• HOW TO COMPLETE THIS TASK: Below are the entries. Print only the lines starting at the one with "Looking at the" and ending at the one with "The program should ask", exactly, with no pictures.

• EXERCISE DATA:
[Start of Attachment]
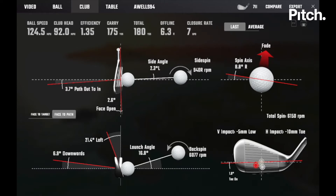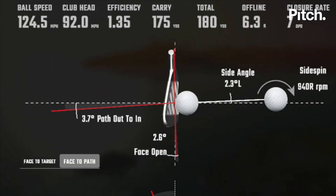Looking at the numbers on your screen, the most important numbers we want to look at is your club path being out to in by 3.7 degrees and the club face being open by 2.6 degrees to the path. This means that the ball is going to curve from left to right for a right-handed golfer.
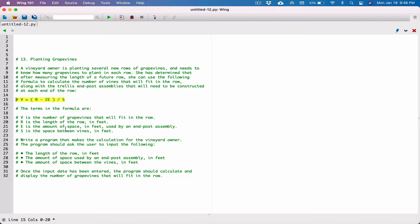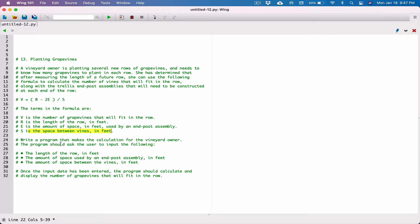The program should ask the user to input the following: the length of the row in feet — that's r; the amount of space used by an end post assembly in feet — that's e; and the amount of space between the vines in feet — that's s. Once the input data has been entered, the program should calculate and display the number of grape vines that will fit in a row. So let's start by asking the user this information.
[End of Attachment]
[Start of Attachment]
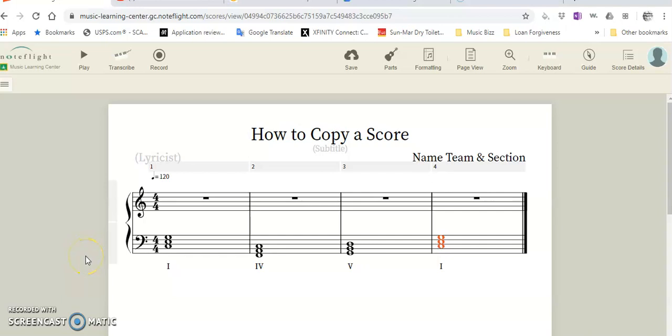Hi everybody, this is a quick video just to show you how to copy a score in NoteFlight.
[End of Attachment]
[Start of Attachment]
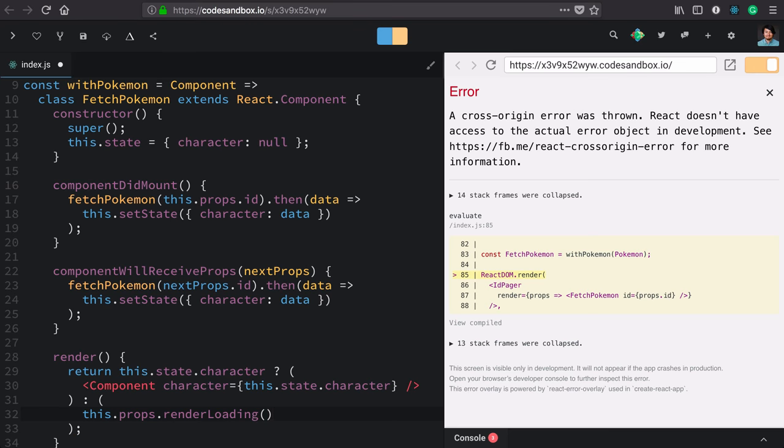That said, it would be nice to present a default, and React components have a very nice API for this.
[End of Attachment]
• EXPECTED OUTPUT:
Looking at the numbers on your screen, the most important numbers we want to look at is your club path being out to in by 3.7 degrees and the club face being open by 2.6 degrees to the path. This means that the ball is going to curve from left to right for a right-handed golfer.
The program should ask the user to input the following: the length of the row in feet — that's r; the amount of space used by an end post assembly in feet — that's e; and the amount of space between the vines in feet — that's s. Once the input data has been entered, the program should calculate and display the number of grape vines that will fit in a row. So let's start by asking the user this information.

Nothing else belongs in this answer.